The Physical Activity Guidelines for Americans recommend that adults get 150 minutes of aerobic physical activity each week. Walking is an easy way to reach that weekly goal. It requires no special equipment and you don’t need to have a gym membership to do it!
So, how can walking help you become healthier? Read on for some of the top benefits of walking.
Studies have shown that walking for 30 minutes per day, 5 days a week can reduce coronary heart disease risk by 19%. There is also evidence that a faster walking pace will continue to lower your risk of heart disease. You can also reap more benefits by walking more frequently.
Walking is also a great aerobic exercise that benefits your lungs as well as your heart. It can also lower your blood pressure.
Recent studies have shown that those who get the recommended amount of weekly physical activity saw a reduction in cancer risks for seven types of cancer. Doing more physical activity resulted in even lower risks for these cancers. Regular walking can reduce your risk of diseases like cancer and heart disease. Studies show that people who get twice the recommended amount of activity from walking reduce their mortality risk by 20%.
Physical activity plays a large role in losing weight or maintaining a healthy weight. A brisk walk can help you burn around 150 calories more each day. If you walk faster and farther, you will burn more calories. Walking doesn’t have to be only done through formal exercise, either. Work more walking into your day to increase your Non-Exercise Activity Thermogenesis (NEAT) calories. These are the calories you burn while moving throughout your day.

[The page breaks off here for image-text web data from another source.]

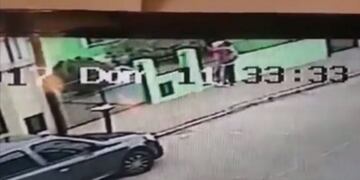 El robo del caniche quedó grabado en la cámaras de seguridad\u002E (Captura de pantalla)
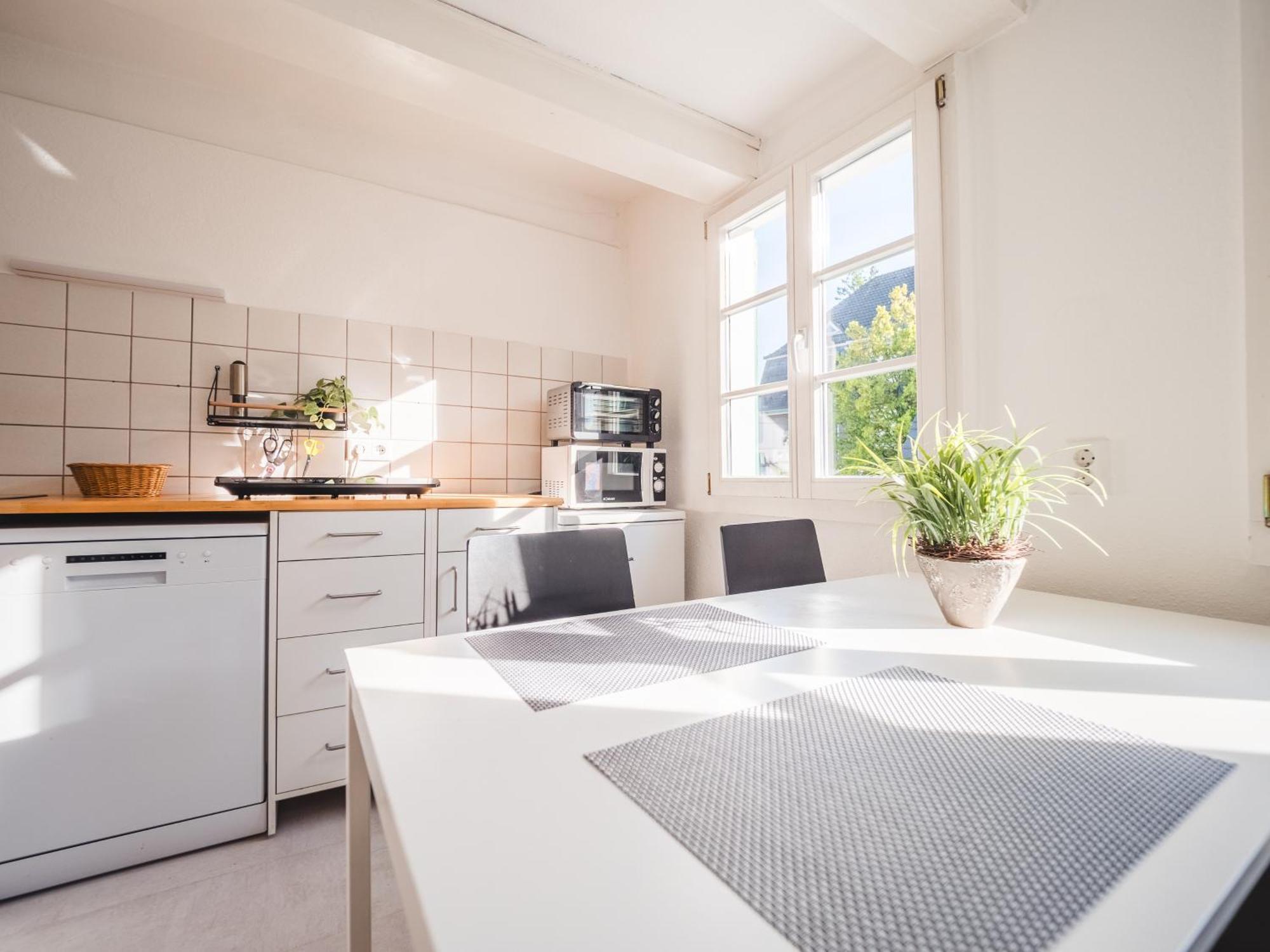 Kuesterhaus Graefrath โซลิงเงน ภายนอก รูปภาพ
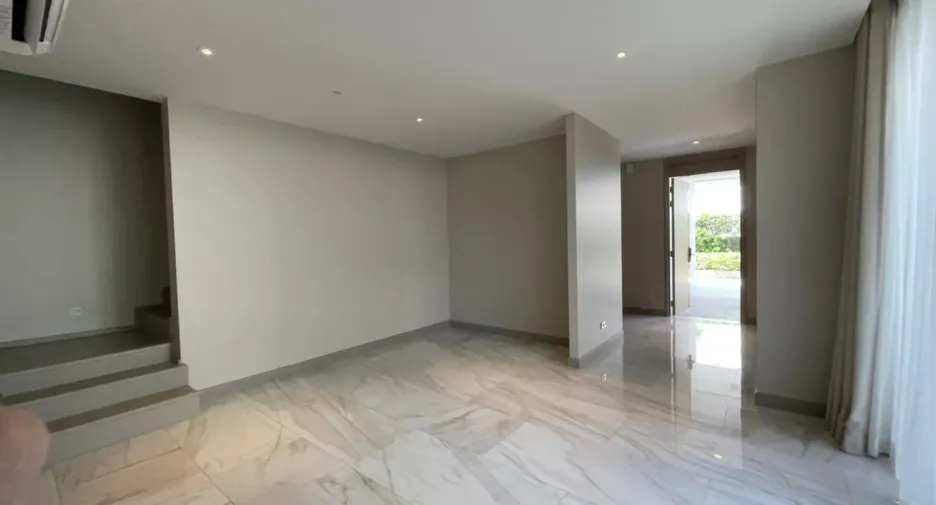 For rent 4 bedrooms house in Watthana, Bangkok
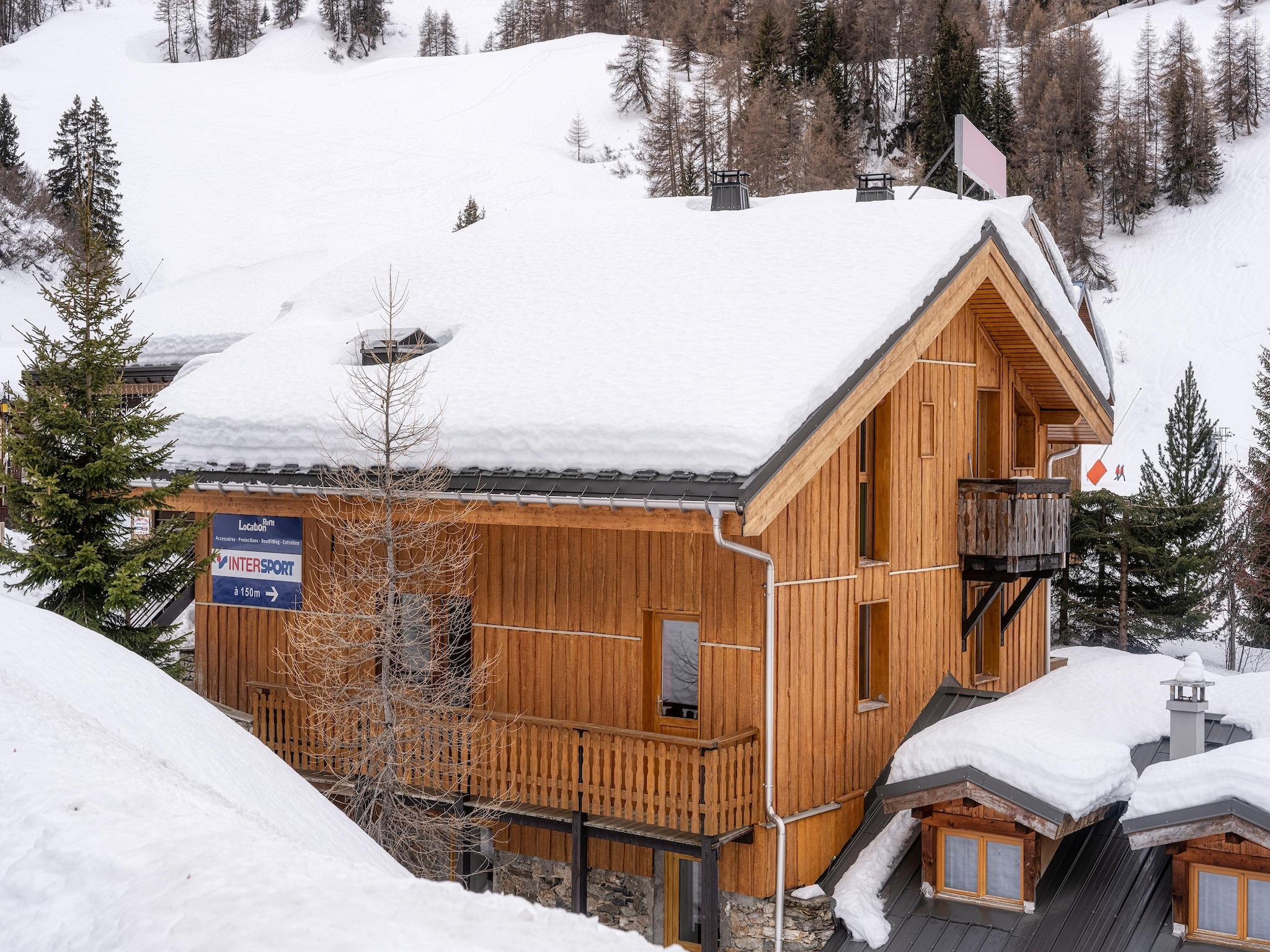 Dom Chalet Sporting Lodge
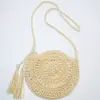 Nova Bolsa Tricotada Crochê Artesanal Vazada Palha Tecida Bolsa Feminina Redonda Borla Ombro Transversal Bolsa de Praia para Feriado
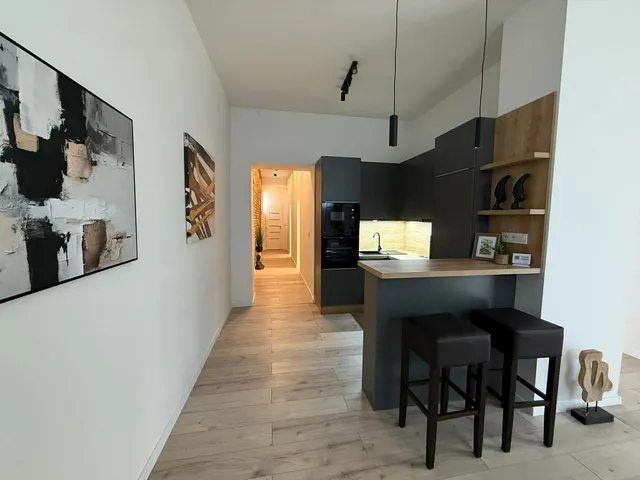 Eladó lakás Pécs, Belváros 72 nm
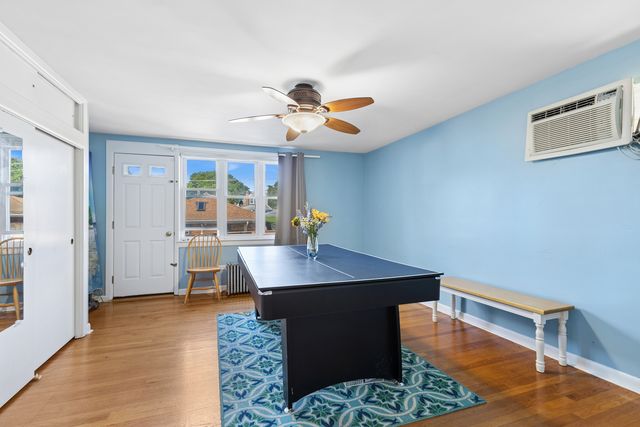 5230 N Mcvicker Avenue, Chicago, IL 60630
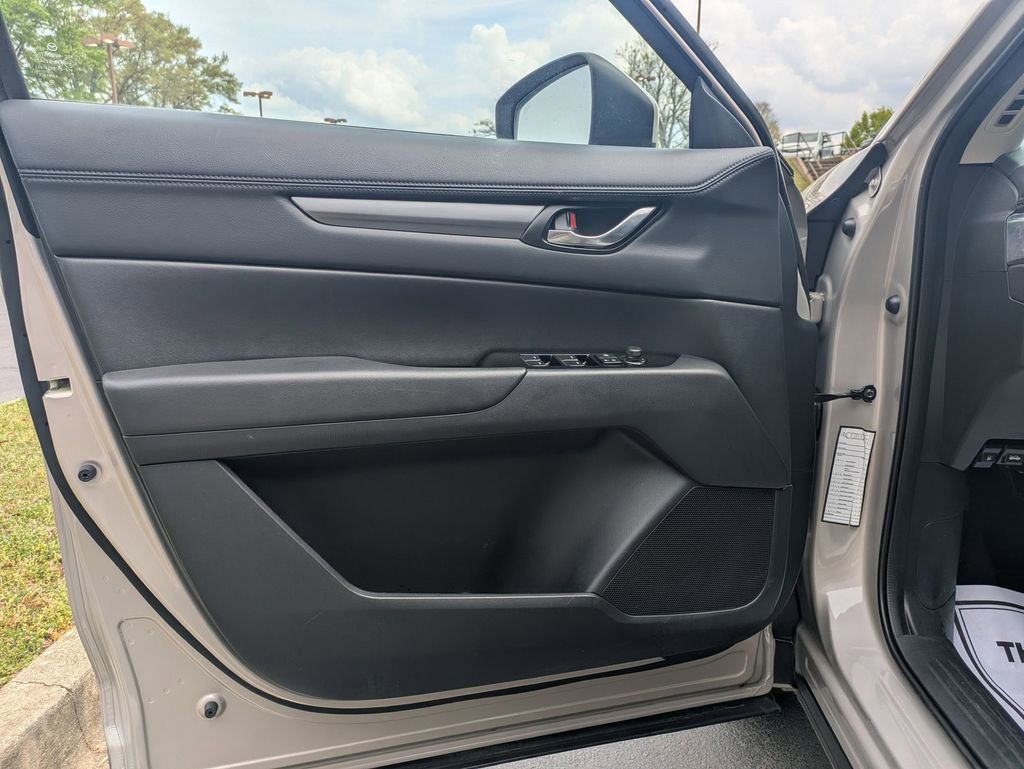 Used 2025 MAZDA CX-5 AWD 2.5 S w/ Select Package image 11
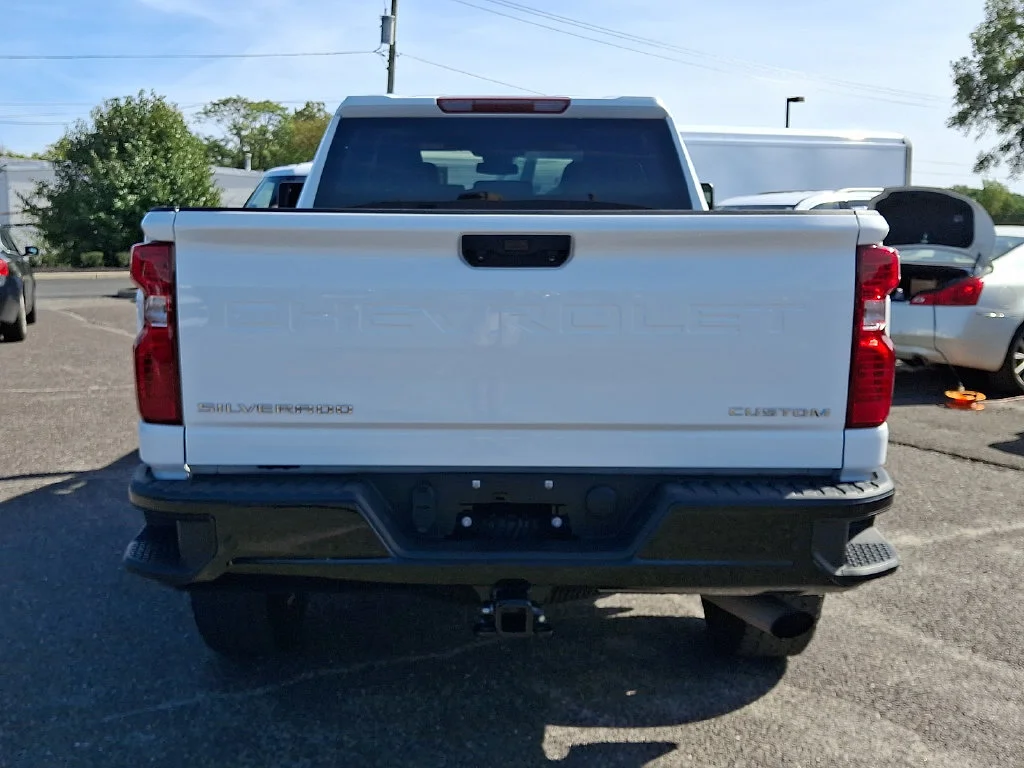 Used 2024 White Chevrolet Custom image 10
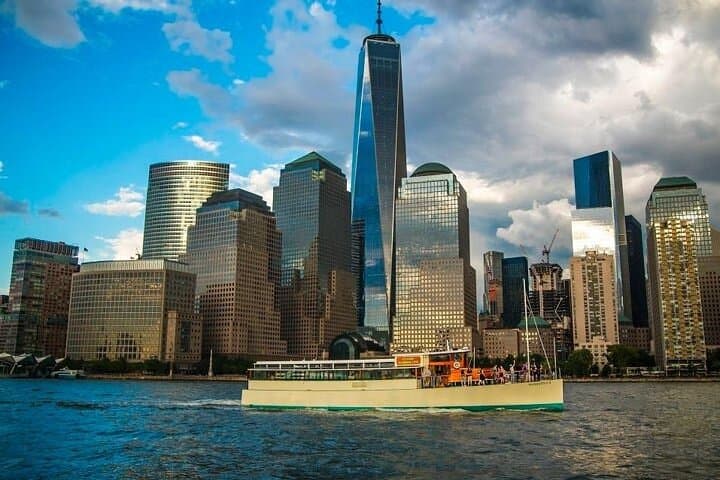 Experience Iconic New York Sights on a Scenic Boat Cruise photo 3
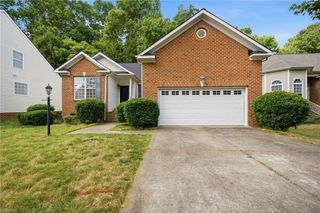 464 River Arch DR, Chesapeake, VA 23320
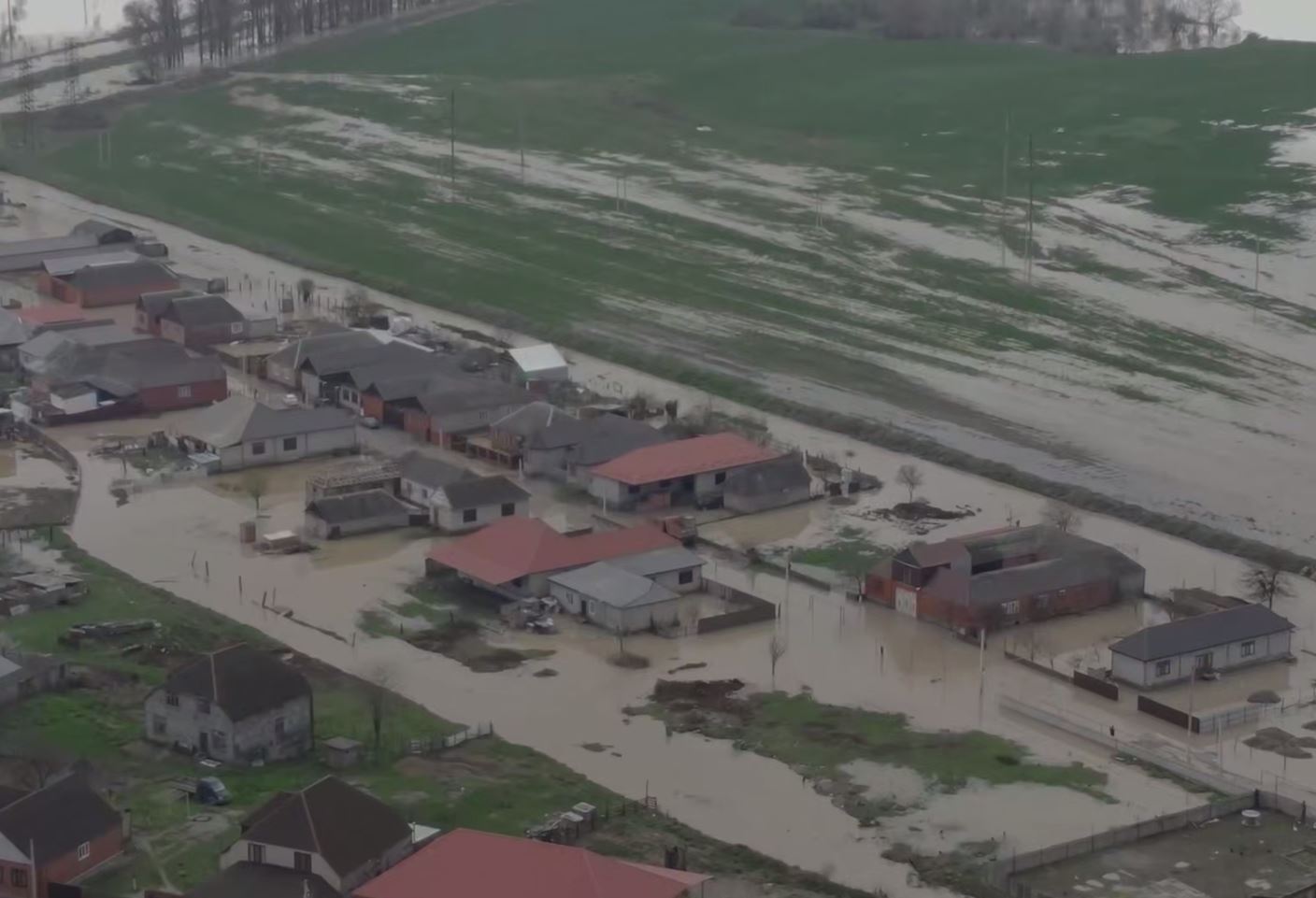 В Чечне введен режим ЧС после сильных ливней и паводков, эвакуированы сотни жителей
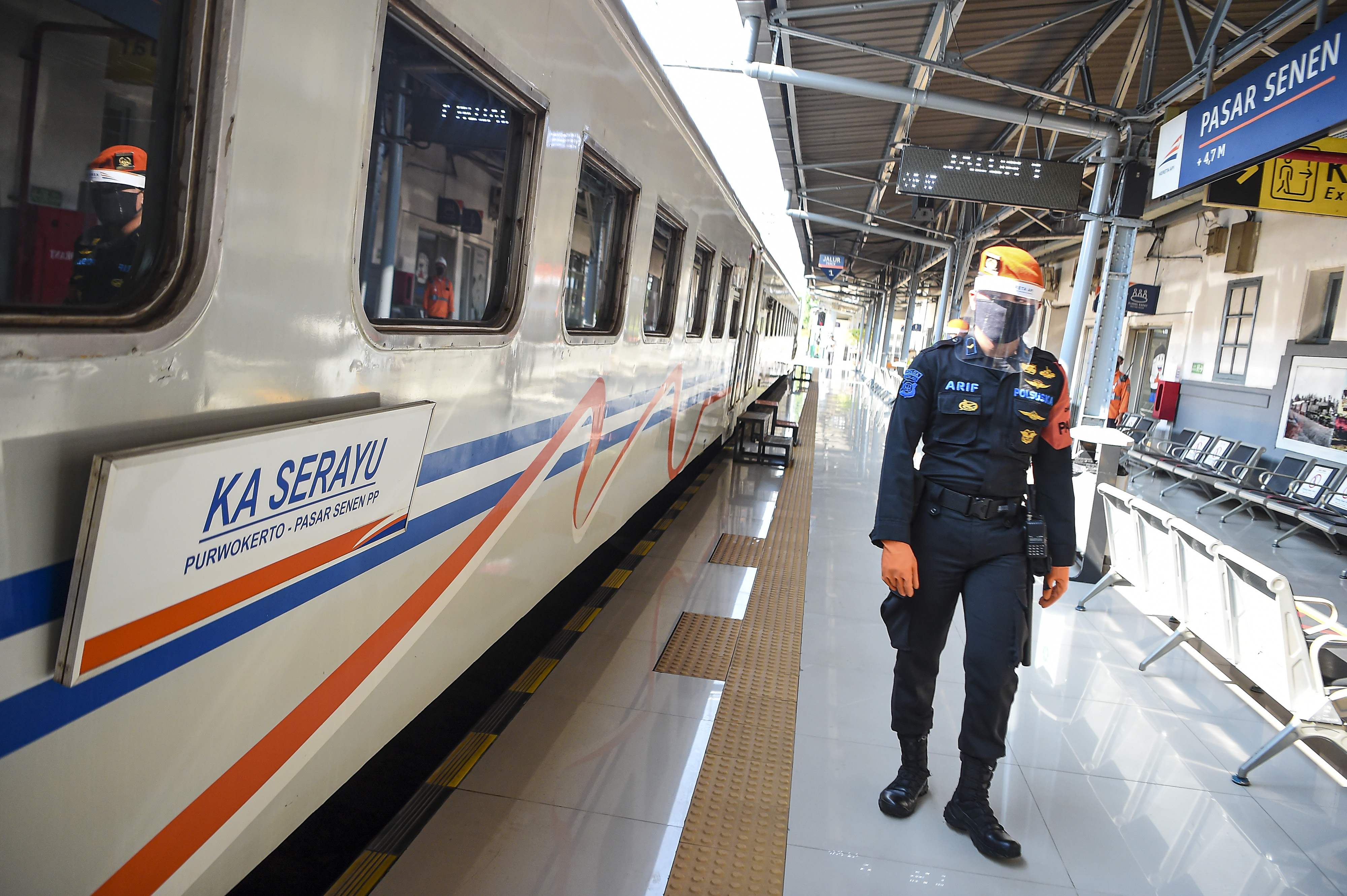 PT KAI OPERASIKAN KERETA API SERAYU: Petugas berjalan di dekat rangkaian Kereta Api (KA) Serayu di Stasiun Pasar Senen, Jakarta, Jumat (12/6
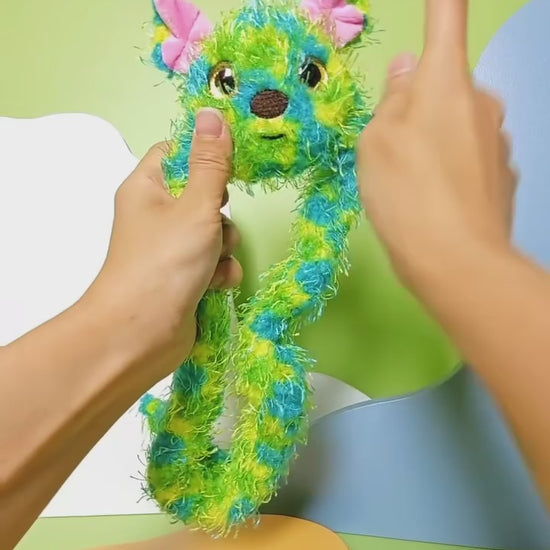Video på Tangle Furry Friends i olika djurdesigner. Perfekt för lugn och taktil stimulans vid NPF.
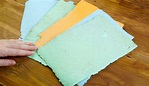 Fogli di carta riciclata: come farli in casa usando vecchi giornali e ...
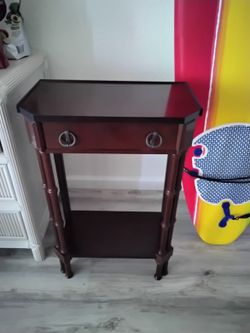 Etntryway Table $20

Walking for an hour can decrease your risk for major depression. A recent study showed a 26% decrease in the chance for depression with an increase in physical activity. Replace one hour of sitting with one hour of walking to start seeing the benefits of walking on your mood.
Walking also gets you outside, which has been linked to improved mood. Getting out in nature can reduce stress and improve focus. Walking in nature can slow down our busy brains and leave us feeling refreshed.
Walking is a low-impact form of exercise that does not put a lot of pressure on your joints. It can even reduce existing joint pain caused by arthritis. Walking lubricates the joints and strengthens the surrounding muscles to prevent injury.
Walking can prevent bone mass loss in the legs as you age. Healthy postmenopausal women who report walking 1 mile per day, have a higher whole-body bone density than those who don’t walk as far.
Daily walks provide many benefits to the body, both physically and mentally. But is it enough to only walk for exercise? According to the Department of Health and Human Services, we should be adding strength training to our walking regimens twice per week.
Plan to add exercises that strengthen all the muscles in the body. Try to do one exercise set for each area of the body (legs, arms, core, etc.) using weights or just your body weight. You should feel tired after 12-15 reps of an exercise.
When starting a walking routine, do not set your goals so high that they seem unattainable. Make realistic goals that you know you can accomplish. For example, plan three short, five-to-ten minute walks throughout your day.
Make plans with a friend to walk and catch up. You will be more likely to follow through on your walking goals if you know someone is waiting for you. Plus, walking is more fun with friends!
Going out in nature also helps you mix up your walking routes. Explore parks and trails in your area. Not only will it be more interesting, but you will get the benefit of walking on different terrains.
If you already enjoy the benefits of a daily walk, you may be looking for a way to level up your routine. Try adding incline walking by finding a hilly route or using the incline option on a treadmill. This will work different muscles in your legs and give you a more challenging workout. You can also add intervals to your normal walks. Try speeding up every five minutes for around 30 seconds. Repeat this for as long as you can to increase your cardiovascular health.
Use a pedometer or fitness tracker to compete against yourself and your friends. Tracking your steps can motivate you to walk more than you might otherwise. If you are competitive, create a weekly walking competition with friends to get you moving.
Light cardio is safe to do every day. However, if you start to feel a pain that goes beyond soreness, you might be overdoing it. Listen to your body as you walk to know if you should take it easy.
If you are new to walking, start slow and work your way up to more steps and higher intensity. Starting out doing too much can lead to injury and exhaustion.
Walking not only helps us to live longer by preventing disease, but it can boost our mood, too. The benefits of walking are numerous and should be considered when choosing a form of exercise. Walking can be done anywhere and requires no special equipment (aside from some comfortable shoes), so it’s easy to start.